Se a “empresa.com” não pode precisar a identidade dos criminosos, por questões de ordem técnica, que efetue a desativação das comunidades que possuem essa natureza tão logo elas sejam denunciadas, pois o fornecedor do serviço tem, inclusive, a responsabilidade de criar ferramentas de busca (eurística) que sejam capazes de percorrer seu banco de dados, na procura de palavras-chave específicas que possam identificar o abuso do direito de liberdade de expressão. Ante a recusa em assim proceder, nada mais natural que percam o direito de exploração da atividade econômica, tendo em vista a sua incompetência (...) em solver tal problemática.

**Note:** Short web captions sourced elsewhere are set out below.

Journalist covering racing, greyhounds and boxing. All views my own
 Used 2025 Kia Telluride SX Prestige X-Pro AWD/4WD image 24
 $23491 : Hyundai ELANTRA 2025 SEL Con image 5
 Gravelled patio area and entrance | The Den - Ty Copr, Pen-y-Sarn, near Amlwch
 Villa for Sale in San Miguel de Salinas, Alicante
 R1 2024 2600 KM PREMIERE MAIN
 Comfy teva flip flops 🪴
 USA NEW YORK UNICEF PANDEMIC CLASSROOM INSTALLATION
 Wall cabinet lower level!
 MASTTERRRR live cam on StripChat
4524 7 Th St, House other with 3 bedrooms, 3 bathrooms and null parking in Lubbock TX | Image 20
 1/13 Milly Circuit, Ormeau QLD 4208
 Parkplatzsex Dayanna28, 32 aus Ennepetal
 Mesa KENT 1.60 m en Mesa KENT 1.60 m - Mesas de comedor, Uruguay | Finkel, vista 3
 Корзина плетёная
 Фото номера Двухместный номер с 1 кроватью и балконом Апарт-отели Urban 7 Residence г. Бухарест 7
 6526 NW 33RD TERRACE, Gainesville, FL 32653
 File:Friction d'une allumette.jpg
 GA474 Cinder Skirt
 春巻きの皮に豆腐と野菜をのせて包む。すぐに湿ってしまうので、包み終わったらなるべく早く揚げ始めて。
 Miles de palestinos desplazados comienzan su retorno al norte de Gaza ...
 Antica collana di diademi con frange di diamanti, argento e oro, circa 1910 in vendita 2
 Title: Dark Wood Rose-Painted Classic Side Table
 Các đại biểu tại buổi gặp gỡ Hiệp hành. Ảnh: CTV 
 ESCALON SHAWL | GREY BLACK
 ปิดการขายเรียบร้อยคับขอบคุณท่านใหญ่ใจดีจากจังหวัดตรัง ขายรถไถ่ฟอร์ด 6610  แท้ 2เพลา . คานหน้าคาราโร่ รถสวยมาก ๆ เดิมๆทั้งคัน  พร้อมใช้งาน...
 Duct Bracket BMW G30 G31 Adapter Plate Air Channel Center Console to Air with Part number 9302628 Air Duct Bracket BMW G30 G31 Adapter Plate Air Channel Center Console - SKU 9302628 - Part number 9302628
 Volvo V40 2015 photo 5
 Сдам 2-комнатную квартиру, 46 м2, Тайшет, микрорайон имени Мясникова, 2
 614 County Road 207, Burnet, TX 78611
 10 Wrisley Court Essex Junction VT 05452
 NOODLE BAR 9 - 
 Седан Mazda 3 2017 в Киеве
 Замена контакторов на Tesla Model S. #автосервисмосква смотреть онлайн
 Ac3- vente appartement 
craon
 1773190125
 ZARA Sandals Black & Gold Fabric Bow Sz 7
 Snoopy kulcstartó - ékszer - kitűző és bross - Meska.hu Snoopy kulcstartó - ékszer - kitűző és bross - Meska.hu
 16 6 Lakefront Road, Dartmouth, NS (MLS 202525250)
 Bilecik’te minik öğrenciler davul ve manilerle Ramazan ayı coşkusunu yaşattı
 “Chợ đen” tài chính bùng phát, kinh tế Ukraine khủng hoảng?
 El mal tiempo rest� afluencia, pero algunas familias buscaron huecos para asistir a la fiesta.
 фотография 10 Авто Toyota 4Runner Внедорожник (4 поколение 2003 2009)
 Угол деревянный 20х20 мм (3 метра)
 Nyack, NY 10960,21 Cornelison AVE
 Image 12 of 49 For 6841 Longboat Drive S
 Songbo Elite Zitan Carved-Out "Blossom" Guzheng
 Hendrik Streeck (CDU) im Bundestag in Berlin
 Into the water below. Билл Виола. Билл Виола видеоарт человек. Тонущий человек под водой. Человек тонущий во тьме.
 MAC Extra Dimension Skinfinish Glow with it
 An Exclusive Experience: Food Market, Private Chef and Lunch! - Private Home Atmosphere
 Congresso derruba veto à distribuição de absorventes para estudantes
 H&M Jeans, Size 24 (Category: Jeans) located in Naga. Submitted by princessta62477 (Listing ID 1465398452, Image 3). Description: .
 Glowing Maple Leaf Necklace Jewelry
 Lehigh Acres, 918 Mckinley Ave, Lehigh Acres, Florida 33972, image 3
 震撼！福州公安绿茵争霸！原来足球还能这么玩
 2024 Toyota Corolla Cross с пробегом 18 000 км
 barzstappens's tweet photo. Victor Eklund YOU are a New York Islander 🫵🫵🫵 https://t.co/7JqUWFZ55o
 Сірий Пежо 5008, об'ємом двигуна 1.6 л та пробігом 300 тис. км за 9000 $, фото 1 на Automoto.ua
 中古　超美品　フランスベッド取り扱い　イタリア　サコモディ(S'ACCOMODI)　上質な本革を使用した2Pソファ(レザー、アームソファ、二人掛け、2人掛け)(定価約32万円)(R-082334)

Por fim e em tempo, é claro que, no final dessa cadeia de fatos, encontra-se o usuário comum, que nada tem a ver com pedófilos ou racistas, que vai ficar sem o acesso a esse modo de diversão. O que fazer? Ler um livro, talvez... É lamentável, mas a sociedade precisa de uma defesa qualquer contra o "total descontrole". No final das contas, perdemos todos nós.